##### Records

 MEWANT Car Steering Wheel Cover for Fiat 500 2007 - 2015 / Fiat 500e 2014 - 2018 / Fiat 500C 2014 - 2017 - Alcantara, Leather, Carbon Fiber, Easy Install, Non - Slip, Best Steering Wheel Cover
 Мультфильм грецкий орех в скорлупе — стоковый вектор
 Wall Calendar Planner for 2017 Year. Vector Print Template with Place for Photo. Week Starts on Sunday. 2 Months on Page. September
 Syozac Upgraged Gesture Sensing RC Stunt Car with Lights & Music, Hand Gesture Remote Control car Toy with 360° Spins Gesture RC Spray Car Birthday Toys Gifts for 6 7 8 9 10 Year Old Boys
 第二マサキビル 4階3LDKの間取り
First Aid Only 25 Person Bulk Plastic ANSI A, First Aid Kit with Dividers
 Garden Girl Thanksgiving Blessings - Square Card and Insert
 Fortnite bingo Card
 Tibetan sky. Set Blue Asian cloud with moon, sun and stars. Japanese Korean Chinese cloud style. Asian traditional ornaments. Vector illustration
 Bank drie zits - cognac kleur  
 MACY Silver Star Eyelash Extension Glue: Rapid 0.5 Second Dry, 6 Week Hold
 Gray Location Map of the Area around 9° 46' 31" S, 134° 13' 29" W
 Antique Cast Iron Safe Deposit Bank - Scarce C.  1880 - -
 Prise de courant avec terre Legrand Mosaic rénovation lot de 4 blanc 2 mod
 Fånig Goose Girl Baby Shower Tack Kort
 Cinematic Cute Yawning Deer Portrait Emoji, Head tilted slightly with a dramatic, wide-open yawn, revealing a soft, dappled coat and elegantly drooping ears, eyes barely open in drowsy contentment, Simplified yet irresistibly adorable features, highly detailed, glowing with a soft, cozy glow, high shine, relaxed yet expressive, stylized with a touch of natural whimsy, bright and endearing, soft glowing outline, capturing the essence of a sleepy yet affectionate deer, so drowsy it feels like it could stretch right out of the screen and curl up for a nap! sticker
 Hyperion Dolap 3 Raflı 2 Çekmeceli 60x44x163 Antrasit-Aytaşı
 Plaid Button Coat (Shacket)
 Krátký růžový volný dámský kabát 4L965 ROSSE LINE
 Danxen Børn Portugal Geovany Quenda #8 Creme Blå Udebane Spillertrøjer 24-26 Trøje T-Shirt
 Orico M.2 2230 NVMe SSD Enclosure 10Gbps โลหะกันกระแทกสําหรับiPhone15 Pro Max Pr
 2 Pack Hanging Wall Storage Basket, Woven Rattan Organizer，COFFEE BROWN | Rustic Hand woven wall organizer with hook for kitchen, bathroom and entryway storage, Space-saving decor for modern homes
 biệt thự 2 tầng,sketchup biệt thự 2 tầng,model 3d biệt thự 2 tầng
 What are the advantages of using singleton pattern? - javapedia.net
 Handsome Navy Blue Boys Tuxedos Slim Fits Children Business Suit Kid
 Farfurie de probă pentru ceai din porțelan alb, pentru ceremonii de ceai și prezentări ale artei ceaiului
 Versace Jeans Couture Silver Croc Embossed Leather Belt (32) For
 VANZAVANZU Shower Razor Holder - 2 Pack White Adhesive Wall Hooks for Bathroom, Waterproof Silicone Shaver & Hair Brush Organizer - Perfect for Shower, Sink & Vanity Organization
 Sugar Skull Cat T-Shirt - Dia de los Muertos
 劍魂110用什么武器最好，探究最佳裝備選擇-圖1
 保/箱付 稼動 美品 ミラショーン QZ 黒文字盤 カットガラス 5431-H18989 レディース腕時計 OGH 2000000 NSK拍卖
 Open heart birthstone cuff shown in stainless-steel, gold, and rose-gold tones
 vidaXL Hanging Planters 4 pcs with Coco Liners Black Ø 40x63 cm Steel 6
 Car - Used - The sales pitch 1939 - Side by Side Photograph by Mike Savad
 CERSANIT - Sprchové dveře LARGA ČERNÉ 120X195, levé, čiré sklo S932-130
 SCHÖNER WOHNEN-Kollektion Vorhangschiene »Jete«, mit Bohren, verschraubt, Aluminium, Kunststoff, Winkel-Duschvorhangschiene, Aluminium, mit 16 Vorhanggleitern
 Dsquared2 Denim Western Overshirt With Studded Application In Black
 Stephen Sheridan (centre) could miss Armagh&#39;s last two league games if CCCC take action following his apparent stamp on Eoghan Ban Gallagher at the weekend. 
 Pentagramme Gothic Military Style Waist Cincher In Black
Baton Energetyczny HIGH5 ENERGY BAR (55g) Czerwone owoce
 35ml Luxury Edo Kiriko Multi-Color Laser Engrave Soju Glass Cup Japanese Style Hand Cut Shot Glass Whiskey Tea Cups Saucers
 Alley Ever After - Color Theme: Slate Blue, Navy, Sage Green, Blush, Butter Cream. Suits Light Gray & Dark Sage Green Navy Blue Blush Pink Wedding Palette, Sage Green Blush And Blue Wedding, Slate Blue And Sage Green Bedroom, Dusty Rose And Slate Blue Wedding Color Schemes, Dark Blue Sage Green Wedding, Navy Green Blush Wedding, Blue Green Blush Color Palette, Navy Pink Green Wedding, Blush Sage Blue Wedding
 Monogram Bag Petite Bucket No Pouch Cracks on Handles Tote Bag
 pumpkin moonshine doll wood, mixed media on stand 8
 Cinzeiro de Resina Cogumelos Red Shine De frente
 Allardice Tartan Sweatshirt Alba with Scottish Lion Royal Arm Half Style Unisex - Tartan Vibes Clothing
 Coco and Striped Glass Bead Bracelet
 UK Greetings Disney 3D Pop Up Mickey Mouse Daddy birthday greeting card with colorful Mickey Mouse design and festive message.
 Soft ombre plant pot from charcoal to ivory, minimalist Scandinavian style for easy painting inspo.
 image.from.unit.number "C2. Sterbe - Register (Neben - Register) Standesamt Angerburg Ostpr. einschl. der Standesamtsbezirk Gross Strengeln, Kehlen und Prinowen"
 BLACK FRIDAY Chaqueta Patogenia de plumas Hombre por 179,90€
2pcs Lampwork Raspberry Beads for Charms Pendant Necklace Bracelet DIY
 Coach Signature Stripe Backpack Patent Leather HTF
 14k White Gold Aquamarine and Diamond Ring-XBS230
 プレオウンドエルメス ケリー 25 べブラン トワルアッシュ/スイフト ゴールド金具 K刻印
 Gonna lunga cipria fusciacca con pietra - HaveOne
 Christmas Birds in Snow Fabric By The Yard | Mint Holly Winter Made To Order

##########

* **Prompt**: When copying the data above, please keep exactly the lines from its first line through the line with "Fånig Goose Girl Baby Shower Tack Kort", both ends included, and drop the rest.

* **Answer below**:
 MEWANT Car Steering Wheel Cover for Fiat 500 2007 - 2015 / Fiat 500e 2014 - 2018 / Fiat 500C 2014 - 2017 - Alcantara, Leather, Carbon Fiber, Easy Install, Non - Slip, Best Steering Wheel Cover
 Мультфильм грецкий орех в скорлупе — стоковый вектор
 Wall Calendar Planner for 2017 Year. Vector Print Template with Place for Photo. Week Starts on Sunday. 2 Months on Page. September
 Syozac Upgraged Gesture Sensing RC Stunt Car with Lights & Music, Hand Gesture Remote Control car Toy with 360° Spins Gesture RC Spray Car Birthday Toys Gifts for 6 7 8 9 10 Year Old Boys
 第二マサキビル 4階3LDKの間取り
First Aid Only 25 Person Bulk Plastic ANSI A, First Aid Kit with Dividers
 Garden Girl Thanksgiving Blessings - Square Card and Insert
 Fortnite bingo Card
 Tibetan sky. Set Blue Asian cloud with moon, sun and stars. Japanese Korean Chinese cloud style. Asian traditional ornaments. Vector illustration
 Bank drie zits - cognac kleur  
 MACY Silver Star Eyelash Extension Glue: Rapid 0.5 Second Dry, 6 Week Hold
 Gray Location Map of the Area around 9° 46' 31" S, 134° 13' 29" W
 Antique Cast Iron Safe Deposit Bank - Scarce C.  1880 - -
 Prise de courant avec terre Legrand Mosaic rénovation lot de 4 blanc 2 mod
 Fånig Goose Girl Baby Shower Tack Kort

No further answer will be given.